Back to the Tabernacle for West Tisbury

Board punts on Tiah’s Cove culvert, approves affordable housing land article.

The outflow to Tisbury Great Pond from the culvert under Tiah's Cove Road in West Tisbury. — Rich Saltzberg

West Tisbury selectmen voted unanimously Wednesday afternoon to hold the 2021 annual town meeting at the Tabernacle in Oak Bluffs. The meeting would be the third held with the Camp Meeting Association and the town of Oak Bluffs as hosts. The town held a historic, first-ever meeting at the Tabernacle in June because dangers and impracticalities brought on by the pandemic made a meeting within the borders of West Tisbury risky. 

“The Camp Meeting Association has very kindly said that they will make the Tabernacle available to us again on the 18th of May,” town administrator Jennifer Rand told the board. “And according to counsel, under the current legislation, provided the warrant has not been posted, the action to schedule town meeting is taken by the board of selectmen, not the moderator.”

Having not yet posted a warrant, the board voted to set the annual town meeting on May 18 at 5 pm. 

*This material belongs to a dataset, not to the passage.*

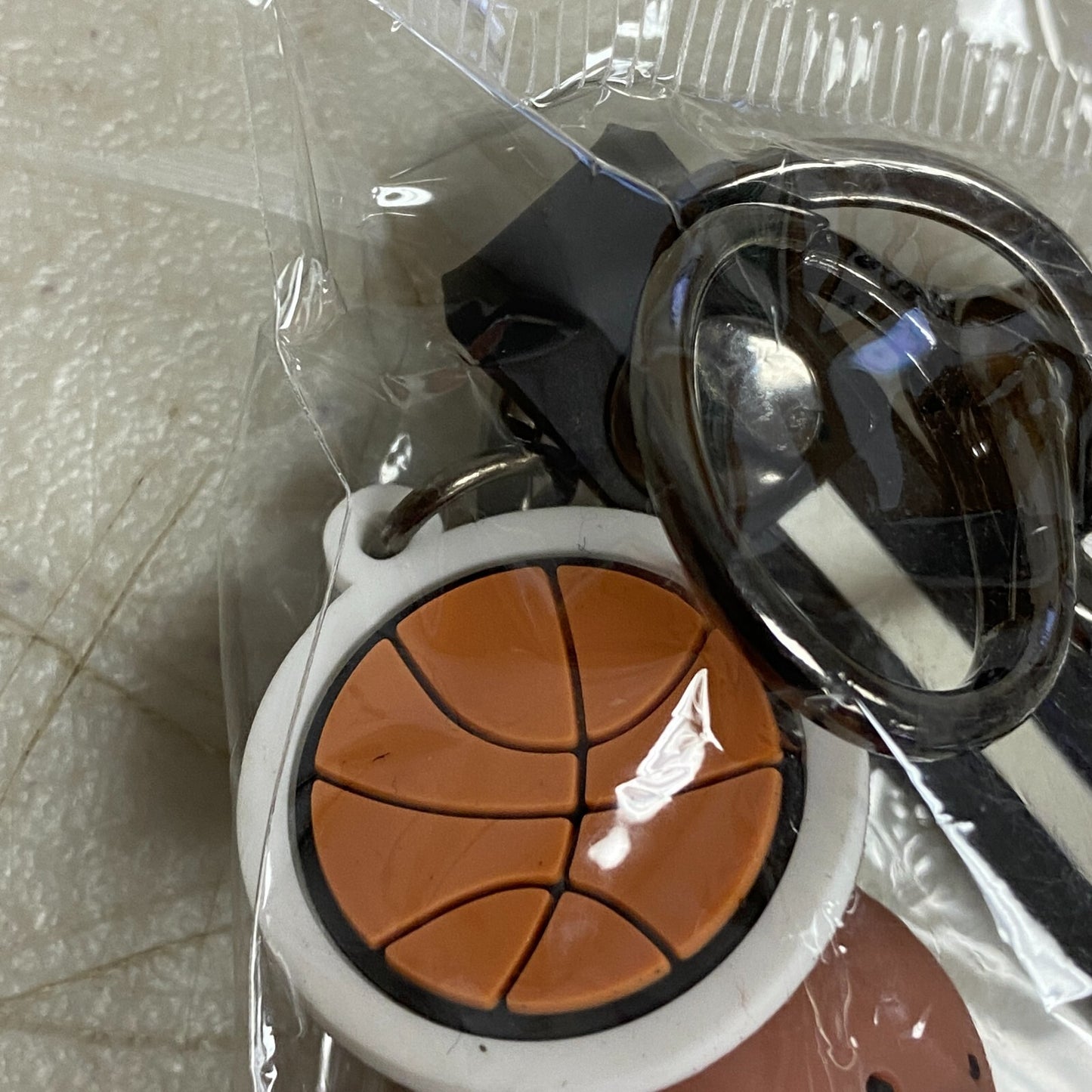 Assorted Silicone We Bare Bears Brown Bear Keychain With Basketball Accessory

To culvert or not to culvert

The board revisited a repair and upgrade project for the Tiah’s Cove Road culvert. In 2018 it placed a $10,000 appropriation on the warrant at the request of highway superintendent Richard Olsen. Olsen sought to replace the culvert with a larger diameter of culvert because of its age and to better facilitate the passage of fish. That article was pulled because the conservation commission opted to seek a grant from the state.

“We didn’t get the grant,” Rand told the board Wednesday. 

Rand said she believed that the state doesn’t see the culvert as an emergency.

“I would say that this is a project that is unnecessary,” selectman Kent Healy, a civil engineer, said. He added, “And even if it were important, water over the road is only a temporary obstacle.”

Chair Cynthia Mitchell asked for more detail regarding the original request.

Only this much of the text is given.